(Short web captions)

*** Block opens ***

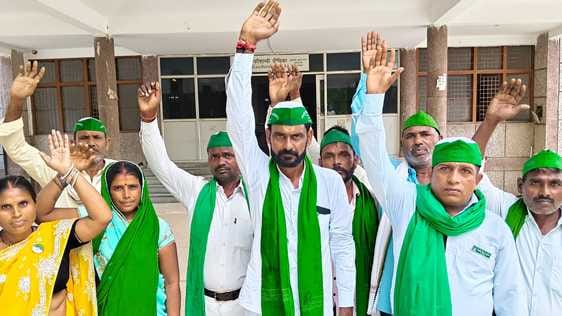 Farmers demonstrated regarding the construction of cowshed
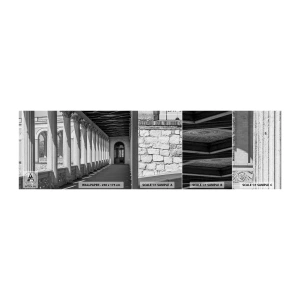 Muestra de fotomural autoadhesivo Deluxe Sticker - Galería soleada - columnas, Arquitectura, Clásico - 100x30 cm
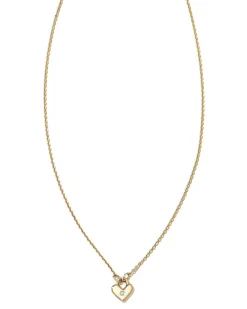 Tiny Heart Padlock 14K Yellow Gold Pendant Necklace In White Diamond^Kendra Scott Flash Sale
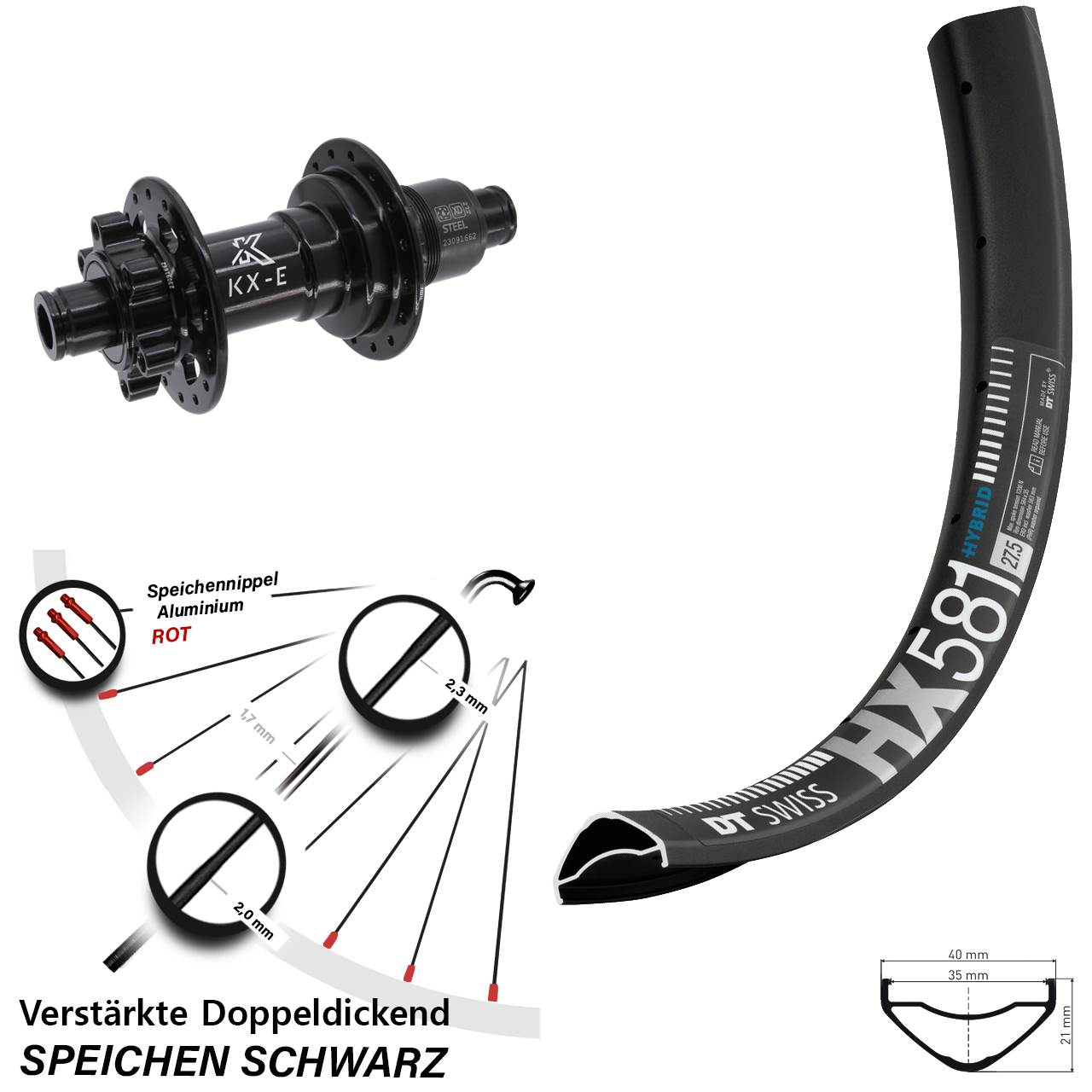 DT Swiss HX581 KX-E Stahl Freilauf 27,5 Zoll 6-Loch Hinterrad 12x148 Boost XD 11-12 fach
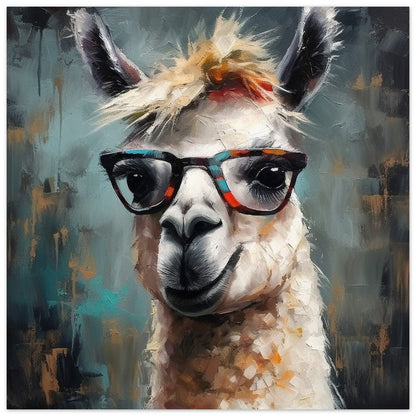 Adorable Llama with Gasses - Multicolor Unframed Premium Painting Poster Print - Animal Wall Art, Funny Farm Decor, Colorful Farmer Gift - CanvasityCrafts - Free Shipping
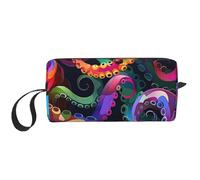 Borsa per il trucco colorata con tentacoli di polpo resistente all'acqua organizer da viaggio per donne uomini mare oceano cosmetico custodia con cerniera piccola borsa portatile per attrezzi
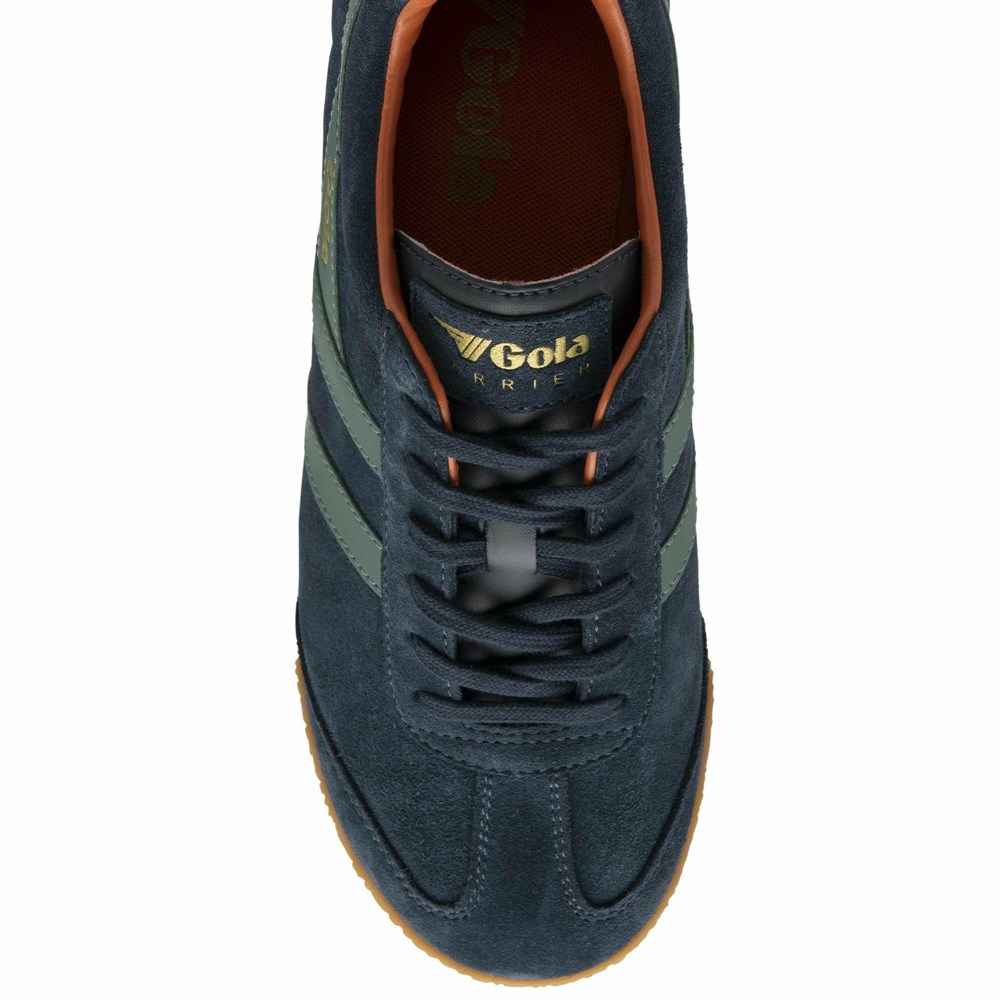 Basket Gola Harrier Daim Bleu Marine Vert Olive Orange Homme | WGWU-46977325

*** Block closes ***

## THE TASK
With the pictures left out, give again exactly the lines from the one with "DT Swiss HX581" through the end of the data, both included.

## ANSWER AREA
 DT Swiss HX581 KX-E Stahl Freilauf 27,5 Zoll 6-Loch Hinterrad 12x148 Boost XD 11-12 fach
 Adorable Llama with Gasses - Multicolor Unframed Premium Painting Poster Print - Animal Wall Art, Funny Farm Decor, Colorful Farmer Gift - CanvasityCrafts - Free Shipping
 Borsa per il trucco colorata con tentacoli di polpo resistente all'acqua organizer da viaggio per donne uomini mare oceano cosmetico custodia con cerniera piccola borsa portatile per attrezzi
 Basket Gola Harrier Daim Bleu Marine Vert Olive Orange Homme | WGWU-46977325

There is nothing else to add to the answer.